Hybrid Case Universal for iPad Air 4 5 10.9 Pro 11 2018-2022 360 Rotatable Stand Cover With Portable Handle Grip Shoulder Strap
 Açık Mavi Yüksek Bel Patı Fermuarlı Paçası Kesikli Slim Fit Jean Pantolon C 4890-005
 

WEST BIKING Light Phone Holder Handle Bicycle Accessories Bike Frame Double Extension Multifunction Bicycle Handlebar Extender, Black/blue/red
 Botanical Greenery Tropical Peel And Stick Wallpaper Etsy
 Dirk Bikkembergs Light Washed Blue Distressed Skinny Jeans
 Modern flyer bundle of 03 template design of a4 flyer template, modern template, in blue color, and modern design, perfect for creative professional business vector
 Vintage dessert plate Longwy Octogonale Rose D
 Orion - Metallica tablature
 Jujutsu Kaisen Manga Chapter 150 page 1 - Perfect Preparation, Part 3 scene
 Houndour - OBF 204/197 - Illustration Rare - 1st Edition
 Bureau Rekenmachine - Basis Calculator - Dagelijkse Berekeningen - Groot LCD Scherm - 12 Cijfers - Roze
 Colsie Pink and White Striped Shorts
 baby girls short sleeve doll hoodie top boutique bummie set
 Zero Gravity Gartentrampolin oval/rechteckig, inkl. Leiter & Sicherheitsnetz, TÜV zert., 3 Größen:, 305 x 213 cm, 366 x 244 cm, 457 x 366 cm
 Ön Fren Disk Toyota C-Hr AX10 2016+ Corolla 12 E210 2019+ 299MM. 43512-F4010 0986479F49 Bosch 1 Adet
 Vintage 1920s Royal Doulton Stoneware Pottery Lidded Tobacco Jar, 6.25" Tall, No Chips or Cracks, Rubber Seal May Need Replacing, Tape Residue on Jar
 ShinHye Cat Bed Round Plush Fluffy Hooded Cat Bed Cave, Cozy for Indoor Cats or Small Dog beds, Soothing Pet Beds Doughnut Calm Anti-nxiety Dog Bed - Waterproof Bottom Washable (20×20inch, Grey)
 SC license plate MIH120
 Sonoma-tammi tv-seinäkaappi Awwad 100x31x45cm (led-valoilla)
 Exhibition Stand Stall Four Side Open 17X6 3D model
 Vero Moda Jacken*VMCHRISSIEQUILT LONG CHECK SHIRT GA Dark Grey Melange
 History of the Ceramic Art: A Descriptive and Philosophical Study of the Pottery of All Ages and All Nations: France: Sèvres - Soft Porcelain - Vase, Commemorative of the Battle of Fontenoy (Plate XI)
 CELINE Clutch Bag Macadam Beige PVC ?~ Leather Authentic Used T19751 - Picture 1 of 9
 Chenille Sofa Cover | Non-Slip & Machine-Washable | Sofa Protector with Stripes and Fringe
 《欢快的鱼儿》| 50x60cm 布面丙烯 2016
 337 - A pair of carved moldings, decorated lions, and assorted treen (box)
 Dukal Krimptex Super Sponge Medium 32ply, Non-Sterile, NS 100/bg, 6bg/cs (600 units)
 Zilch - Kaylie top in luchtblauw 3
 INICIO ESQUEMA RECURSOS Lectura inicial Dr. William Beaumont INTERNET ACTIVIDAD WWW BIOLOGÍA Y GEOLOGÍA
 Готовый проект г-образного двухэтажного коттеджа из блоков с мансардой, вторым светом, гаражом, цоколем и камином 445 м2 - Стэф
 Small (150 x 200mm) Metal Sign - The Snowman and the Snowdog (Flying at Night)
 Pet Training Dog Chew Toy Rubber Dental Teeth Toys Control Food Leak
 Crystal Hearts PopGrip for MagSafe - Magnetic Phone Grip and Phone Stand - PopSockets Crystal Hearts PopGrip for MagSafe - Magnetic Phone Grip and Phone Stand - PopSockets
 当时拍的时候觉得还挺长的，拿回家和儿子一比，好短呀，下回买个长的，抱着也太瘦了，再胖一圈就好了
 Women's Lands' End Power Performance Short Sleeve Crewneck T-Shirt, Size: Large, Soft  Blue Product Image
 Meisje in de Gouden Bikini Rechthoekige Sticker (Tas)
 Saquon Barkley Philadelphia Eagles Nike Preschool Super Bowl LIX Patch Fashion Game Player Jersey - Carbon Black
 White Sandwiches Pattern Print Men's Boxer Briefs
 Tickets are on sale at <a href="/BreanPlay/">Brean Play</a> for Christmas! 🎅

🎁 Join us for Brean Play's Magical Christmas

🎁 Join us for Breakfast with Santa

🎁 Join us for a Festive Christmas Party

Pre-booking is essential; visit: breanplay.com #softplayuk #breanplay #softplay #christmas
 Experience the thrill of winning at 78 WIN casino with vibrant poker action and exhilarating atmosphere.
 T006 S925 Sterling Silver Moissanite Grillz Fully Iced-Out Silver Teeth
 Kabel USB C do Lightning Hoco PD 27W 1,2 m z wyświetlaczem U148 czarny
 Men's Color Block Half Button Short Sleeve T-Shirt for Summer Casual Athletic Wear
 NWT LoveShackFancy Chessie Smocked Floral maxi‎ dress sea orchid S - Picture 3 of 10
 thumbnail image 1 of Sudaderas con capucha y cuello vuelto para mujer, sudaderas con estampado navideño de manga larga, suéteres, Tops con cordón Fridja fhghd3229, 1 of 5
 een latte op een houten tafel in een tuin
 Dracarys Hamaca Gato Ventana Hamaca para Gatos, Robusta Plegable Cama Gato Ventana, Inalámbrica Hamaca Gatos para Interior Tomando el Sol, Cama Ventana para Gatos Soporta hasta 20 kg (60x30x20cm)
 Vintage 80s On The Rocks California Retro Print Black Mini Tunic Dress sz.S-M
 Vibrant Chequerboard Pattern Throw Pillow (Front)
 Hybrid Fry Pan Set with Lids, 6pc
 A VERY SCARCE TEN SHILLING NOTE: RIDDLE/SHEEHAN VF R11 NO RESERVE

→ **TASK TO COMPLETE**
Every line holding the word "Pottery" should be copied out of the records above.

→ **SOLUTION TO THIS PROBLEM**
 Vintage 1920s Royal Doulton Stoneware Pottery Lidded Tobacco Jar, 6.25" Tall, No Chips or Cracks, Rubber Seal May Need Replacing, Tape Residue on Jar
 History of the Ceramic Art: A Descriptive and Philosophical Study of the Pottery of All Ages and All Nations: France: Sèvres - Soft Porcelain - Vase, Commemorative of the Battle of Fontenoy (Plate XI)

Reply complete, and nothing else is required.